Some suggested Acceptance Criteria

  • Glean Crash reporter is added, and crash counts are being sent
  • Documentation added to FFTV telemetry docs, explaining what the crash reporter collects
  • Data review for adding new telemetry collection of Glean crash reporter

liuche avatar Sep 14 '19 00:09 liuche

Originally I thought that this would just be a quick change to start using the Glean SDK crash count ping in the metrics ping, and update the documentation, but it looks like we'd need to make a permissions bump in order to that, after talking w/ @mcomella .

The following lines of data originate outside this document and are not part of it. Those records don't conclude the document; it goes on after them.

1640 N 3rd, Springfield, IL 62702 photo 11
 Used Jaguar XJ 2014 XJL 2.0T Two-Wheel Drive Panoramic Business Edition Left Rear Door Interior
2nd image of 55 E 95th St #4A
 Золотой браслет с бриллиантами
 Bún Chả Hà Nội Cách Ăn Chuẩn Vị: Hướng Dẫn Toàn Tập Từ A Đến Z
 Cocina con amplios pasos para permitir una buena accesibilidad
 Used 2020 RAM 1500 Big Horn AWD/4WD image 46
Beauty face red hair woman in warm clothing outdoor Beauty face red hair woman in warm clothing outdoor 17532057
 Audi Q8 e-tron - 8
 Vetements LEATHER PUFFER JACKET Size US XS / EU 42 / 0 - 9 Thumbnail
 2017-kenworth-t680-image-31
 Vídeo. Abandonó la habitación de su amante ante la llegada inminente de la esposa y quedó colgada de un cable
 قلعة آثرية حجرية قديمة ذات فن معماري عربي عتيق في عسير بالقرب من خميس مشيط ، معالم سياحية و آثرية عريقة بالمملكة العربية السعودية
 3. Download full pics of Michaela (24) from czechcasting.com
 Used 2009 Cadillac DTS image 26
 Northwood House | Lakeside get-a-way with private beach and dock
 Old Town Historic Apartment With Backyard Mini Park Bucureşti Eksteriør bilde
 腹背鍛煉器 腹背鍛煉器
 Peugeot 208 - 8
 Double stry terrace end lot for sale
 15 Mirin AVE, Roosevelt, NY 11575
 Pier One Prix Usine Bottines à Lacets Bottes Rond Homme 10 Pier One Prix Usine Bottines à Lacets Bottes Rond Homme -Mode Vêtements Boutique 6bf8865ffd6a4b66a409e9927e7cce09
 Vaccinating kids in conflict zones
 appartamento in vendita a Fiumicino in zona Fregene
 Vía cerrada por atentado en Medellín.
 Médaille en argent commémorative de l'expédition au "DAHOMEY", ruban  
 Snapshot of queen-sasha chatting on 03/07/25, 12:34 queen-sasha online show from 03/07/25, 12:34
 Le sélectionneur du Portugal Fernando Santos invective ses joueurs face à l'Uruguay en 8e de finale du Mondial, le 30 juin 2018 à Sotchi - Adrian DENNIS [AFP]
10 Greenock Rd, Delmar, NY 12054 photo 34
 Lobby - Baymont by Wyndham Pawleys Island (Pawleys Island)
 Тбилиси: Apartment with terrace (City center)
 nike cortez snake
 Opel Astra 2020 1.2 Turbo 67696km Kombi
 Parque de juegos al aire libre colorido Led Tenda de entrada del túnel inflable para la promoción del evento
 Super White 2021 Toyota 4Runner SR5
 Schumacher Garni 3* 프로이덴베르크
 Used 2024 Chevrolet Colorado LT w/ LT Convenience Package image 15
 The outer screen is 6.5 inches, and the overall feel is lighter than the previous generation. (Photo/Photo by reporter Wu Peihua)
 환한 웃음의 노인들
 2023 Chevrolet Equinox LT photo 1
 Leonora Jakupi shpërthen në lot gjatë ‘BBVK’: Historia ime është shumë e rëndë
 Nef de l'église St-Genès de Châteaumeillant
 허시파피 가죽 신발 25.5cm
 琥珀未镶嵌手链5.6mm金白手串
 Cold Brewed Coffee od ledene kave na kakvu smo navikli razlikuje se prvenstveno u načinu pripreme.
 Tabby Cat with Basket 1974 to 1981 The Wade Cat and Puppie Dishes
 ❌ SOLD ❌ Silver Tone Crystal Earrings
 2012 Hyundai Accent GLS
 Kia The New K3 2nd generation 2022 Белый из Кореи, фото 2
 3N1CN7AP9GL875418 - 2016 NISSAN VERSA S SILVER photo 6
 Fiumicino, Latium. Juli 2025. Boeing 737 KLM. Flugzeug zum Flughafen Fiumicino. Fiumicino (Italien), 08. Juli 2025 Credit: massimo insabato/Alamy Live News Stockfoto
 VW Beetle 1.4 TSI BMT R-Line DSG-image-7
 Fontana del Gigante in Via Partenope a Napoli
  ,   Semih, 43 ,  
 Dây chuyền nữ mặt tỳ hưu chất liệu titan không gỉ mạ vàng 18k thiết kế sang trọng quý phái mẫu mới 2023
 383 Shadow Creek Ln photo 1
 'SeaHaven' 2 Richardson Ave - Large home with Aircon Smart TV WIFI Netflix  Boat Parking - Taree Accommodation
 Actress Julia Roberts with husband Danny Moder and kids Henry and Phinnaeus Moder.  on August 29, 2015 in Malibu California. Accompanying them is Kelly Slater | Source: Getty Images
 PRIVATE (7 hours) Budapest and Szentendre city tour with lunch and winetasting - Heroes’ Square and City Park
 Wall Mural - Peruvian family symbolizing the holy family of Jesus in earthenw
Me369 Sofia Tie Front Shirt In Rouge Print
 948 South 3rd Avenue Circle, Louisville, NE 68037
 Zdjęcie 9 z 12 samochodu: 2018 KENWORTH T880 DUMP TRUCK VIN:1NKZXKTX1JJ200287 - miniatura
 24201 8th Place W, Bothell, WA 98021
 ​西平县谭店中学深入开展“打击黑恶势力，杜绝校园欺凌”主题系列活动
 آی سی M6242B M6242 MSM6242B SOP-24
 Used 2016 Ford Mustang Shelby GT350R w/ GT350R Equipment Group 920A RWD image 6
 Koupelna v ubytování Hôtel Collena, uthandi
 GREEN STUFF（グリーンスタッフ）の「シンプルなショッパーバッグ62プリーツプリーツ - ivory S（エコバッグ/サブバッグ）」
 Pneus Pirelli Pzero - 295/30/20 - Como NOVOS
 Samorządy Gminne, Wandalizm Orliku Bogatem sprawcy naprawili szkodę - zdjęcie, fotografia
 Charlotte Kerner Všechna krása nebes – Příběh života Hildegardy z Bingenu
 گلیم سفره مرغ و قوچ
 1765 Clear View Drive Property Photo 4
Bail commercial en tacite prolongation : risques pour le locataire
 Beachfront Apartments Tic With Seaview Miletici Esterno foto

I don't think that adding this ping is worth forcing a permissions bump - this still wouldn't give us a non-native exceptions count (bc this wouldn't collect native WebView crashes), so this data would match what we have in Sentry (and just be a comparison point).

@athomasmoz does that align with what you're thinking? This would not give us much new data, but risks getting users stuck on an old version due to the permissions bump.

liuche avatar Oct 01 '19 00:10 liuche

Originally I thought that this would just be a quick change to start using the Glean SDK crash count ping in the metrics ping, and update the documentation, but it looks like we'd need to make a permissions bump in order to that, after talking w/ @mcomella .

@mcomella @liuche what's the new required permission?

I don't think that adding this ping is worth forcing a permissions bump - this still wouldn't give us a non-native exceptions count (bc this wouldn't collect native WebView crashes), so this data would match what we have in Sentry (and just be a comparison point).

Please note that this would also account for "sideloads" of FFTV, if that's a thing on this platform. Sentry does not contain data about sideloads AFAIK.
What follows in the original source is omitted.